8. (Optional) Using WebView for Interactive Attestation (And JS attestation)

In some client attestation scenarios, the authenticator may need user interaction (e.g., interactive Captcha) or execute computation-intensive tasks (e.g., encryption proof-of-work). At this point, EdgeOne SDK requires specific environment support. On mobile platforms, WebView (Android platform) is a key component to implement these features.
When the authenticator needs to render an interactive CAPTCHA or run a JavaScript-based Proof-of-Work challenge, the SDK requires a WebView instance to be provided when calling the attestWithParams() method. This means developers must allocate a WebView instance in advance in the application and pass it as an argument to the SDK when calling the attestation API.

Interactive Attestation Scenario

Some authenticators (e.g., TC-CAPTCHA using embedded or pop-up interaction settings) require a WebView instance to render their interactive interface. The WebView instance will display the verification code webpage internally, so it must be preset to ensure correct display.
Embedded Interactive attestation: The verification code interface displays in a fixed block on the device screen. To ensure the UI displays correctly without affecting user experience, developers must preset the rendering window size, layering sequence, and alignment mode. Please note, the embedded attestation GUI does not scale with the screen view. For example, TC-CAPTCHA embedded mode recommends reserving at least 300x230 pixel space to get the best rendering effect and user interaction experience.
Pop-up Interactive attestation: The verification code interface appears as a floating window on the device screen when attestation is triggered. Similar to embedded attestation, the rendering window size, layering sequence, and alignment mode must be preset. The pop-up attestation feature is that when the screen view is less than a specific threshold, the pop-up attestation GUI automatically scales to adapt to different screen sizes. For example, TC-CAPTCHA pop-up mode has an initial rendering chunk size of 360x360 pixels.

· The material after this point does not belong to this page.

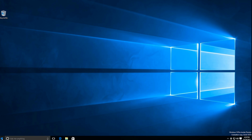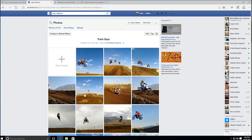Hey everybody, this is Jace with Microsoft News and we just wanted to give you a quick look at the Windows 10 Insider Preview build 10576. This launched earlier today and it doesn't come with really much in the way of groundbreaking developments, but there's just a couple of things that are really nice to have — some cool little features.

JavaScript-Based Attestation Scenario

Some authenticators (such as TC-CAPTCHA in no-UI mode) require a WebView instance as the JavaScript runtime environment, primarily for executing proof-of-work (PoW) challenges. In this case, the WebView instance provides only a JavaScript execution sandbox, with no need to render any visible UI. Therefore, the passed-in WebView instance does not need to be visible, and the SDK will not use it for UI rendering.